Caption-style text data:
##############################

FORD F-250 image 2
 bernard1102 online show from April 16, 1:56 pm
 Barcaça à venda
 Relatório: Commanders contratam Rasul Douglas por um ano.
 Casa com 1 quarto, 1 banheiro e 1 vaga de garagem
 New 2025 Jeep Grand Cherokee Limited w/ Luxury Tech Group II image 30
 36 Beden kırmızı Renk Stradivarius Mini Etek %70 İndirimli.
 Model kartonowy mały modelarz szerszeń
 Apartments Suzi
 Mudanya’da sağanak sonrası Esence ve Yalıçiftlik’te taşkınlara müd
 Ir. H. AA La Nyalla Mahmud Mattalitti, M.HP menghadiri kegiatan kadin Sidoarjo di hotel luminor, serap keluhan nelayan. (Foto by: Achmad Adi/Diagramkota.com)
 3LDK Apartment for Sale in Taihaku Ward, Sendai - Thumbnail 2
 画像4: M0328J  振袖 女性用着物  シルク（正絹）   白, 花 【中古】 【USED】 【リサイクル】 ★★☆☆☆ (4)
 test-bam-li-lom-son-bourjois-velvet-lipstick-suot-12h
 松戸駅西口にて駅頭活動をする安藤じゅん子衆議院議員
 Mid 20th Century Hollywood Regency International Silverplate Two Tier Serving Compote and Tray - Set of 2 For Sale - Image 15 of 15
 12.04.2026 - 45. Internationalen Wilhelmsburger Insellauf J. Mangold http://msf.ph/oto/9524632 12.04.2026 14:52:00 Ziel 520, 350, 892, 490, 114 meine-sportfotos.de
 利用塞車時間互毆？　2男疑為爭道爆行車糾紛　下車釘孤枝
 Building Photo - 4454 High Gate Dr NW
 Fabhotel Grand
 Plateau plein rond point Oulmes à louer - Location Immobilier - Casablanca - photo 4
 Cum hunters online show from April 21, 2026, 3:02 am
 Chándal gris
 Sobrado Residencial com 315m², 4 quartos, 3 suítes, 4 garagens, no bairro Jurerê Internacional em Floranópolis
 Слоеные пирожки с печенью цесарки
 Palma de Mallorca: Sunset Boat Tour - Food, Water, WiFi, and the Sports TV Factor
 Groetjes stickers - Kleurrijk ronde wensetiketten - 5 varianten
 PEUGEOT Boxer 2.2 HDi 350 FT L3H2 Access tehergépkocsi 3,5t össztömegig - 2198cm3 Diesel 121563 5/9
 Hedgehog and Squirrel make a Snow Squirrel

##############################

▸ REQUIRED WORK
Could you restate the records above word for word?

▸ OUTPUT FOR THIS TASK
FORD F-250 image 2
 bernard1102 online show from April 16, 1:56 pm
 Barcaça à venda
 Relatório: Commanders contratam Rasul Douglas por um ano.
 Casa com 1 quarto, 1 banheiro e 1 vaga de garagem
 New 2025 Jeep Grand Cherokee Limited w/ Luxury Tech Group II image 30
 36 Beden kırmızı Renk Stradivarius Mini Etek %70 İndirimli.
 Model kartonowy mały modelarz szerszeń
 Apartments Suzi
 Mudanya’da sağanak sonrası Esence ve Yalıçiftlik’te taşkınlara müd
 Ir. H. AA La Nyalla Mahmud Mattalitti, M.HP menghadiri kegiatan kadin Sidoarjo di hotel luminor, serap keluhan nelayan. (Foto by: Achmad Adi/Diagramkota.com)
 3LDK Apartment for Sale in Taihaku Ward, Sendai - Thumbnail 2
 画像4: M0328J  振袖 女性用着物  シルク（正絹）   白, 花 【中古】 【USED】 【リサイクル】 ★★☆☆☆ (4)
 test-bam-li-lom-son-bourjois-velvet-lipstick-suot-12h
 松戸駅西口にて駅頭活動をする安藤じゅん子衆議院議員
 Mid 20th Century Hollywood Regency International Silverplate Two Tier Serving Compote and Tray - Set of 2 For Sale - Image 15 of 15
 12.04.2026 - 45. Internationalen Wilhelmsburger Insellauf J. Mangold http://msf.ph/oto/9524632 12.04.2026 14:52:00 Ziel 520, 350, 892, 490, 114 meine-sportfotos.de
 利用塞車時間互毆？　2男疑為爭道爆行車糾紛　下車釘孤枝
 Building Photo - 4454 High Gate Dr NW
 Fabhotel Grand
 Plateau plein rond point Oulmes à louer - Location Immobilier - Casablanca - photo 4
 Cum hunters online show from April 21, 2026, 3:02 am
 Chándal gris
 Sobrado Residencial com 315m², 4 quartos, 3 suítes, 4 garagens, no bairro Jurerê Internacional em Floranópolis
 Слоеные пирожки с печенью цесарки
 Palma de Mallorca: Sunset Boat Tour - Food, Water, WiFi, and the Sports TV Factor
 Groetjes stickers - Kleurrijk ronde wensetiketten - 5 varianten
 PEUGEOT Boxer 2.2 HDi 350 FT L3H2 Access tehergépkocsi 3,5t össztömegig - 2198cm3 Diesel 121563 5/9
 Hedgehog and Squirrel make a Snow Squirrel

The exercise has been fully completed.